In 2025, these two directions have been further developed and applied in several use cases. The most important application has been the analysis of mammography images in the context of breast cancer screening. This is related to a collaboration with the Norwegian Institute of Public Health, specifically the Cancer Registry. Among other things, the project has developed methods aimed at performing interpretable analysis of breast density simultaneously with cancer risk assessment, and methods for leveraging the temporal information that is latent in the breast cancer screening program.
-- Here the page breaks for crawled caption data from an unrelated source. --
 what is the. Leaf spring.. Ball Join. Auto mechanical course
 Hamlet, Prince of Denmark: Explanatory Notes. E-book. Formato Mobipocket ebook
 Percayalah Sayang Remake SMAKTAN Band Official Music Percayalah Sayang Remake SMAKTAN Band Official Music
Patient and population specific data from heterogeneous Electronic Health Records (EHR) are becoming ubiquitous sources for data-driven decision and diagnosis support systems. Deep learning artificial intelligence technologies are emerging as the state-of-the-art for EHR analysis due to their ability to learn complex representations from raw clinical data to obtain strong predictive power combined with an inherent ability to accept multiple data types as input for heterogeneous data fusion. However, key problems and constraints for deep learning systems for health are their lack of interpretability, their inability to exploit vast amounts of unannotated patient data, and their hitherto inability to exploit contextual information to perform well in the low volume data regime, e.g. due to stratification. As a key solution, the DEEPehr project will develop interpretable deep learning predictive systems for a range of EHR input sources, focusing particularly on prediction and prevention of postoperative adverse events. Adverse events, such as infections, are potentially lethal, causing huge suffering for patients and huge costs for healthcare. DEEPehr will develop novel unsupervised and weakly supervised deep learning methodology to exploit the wealth of unannotated patient data for better quality of care, and will leverage the unique hierarchical nature of EHRs for utilizing contextual and prior information to extract new clinical knowledge from low data volumes. Project results and outcomes will impact DEEPehr's clinical stakeholders, and the potential to impact data-driven health and science beyond is great given the generic methodology development core of the project. DEEPehr is high risk because of the profound challenges and interdisciplinary nature of the endeavor, yet feasible due to the high quality of the team, the extensive mobility, and the top international collaborators, creating the synergy effects needed to reach the ambitious project objectives.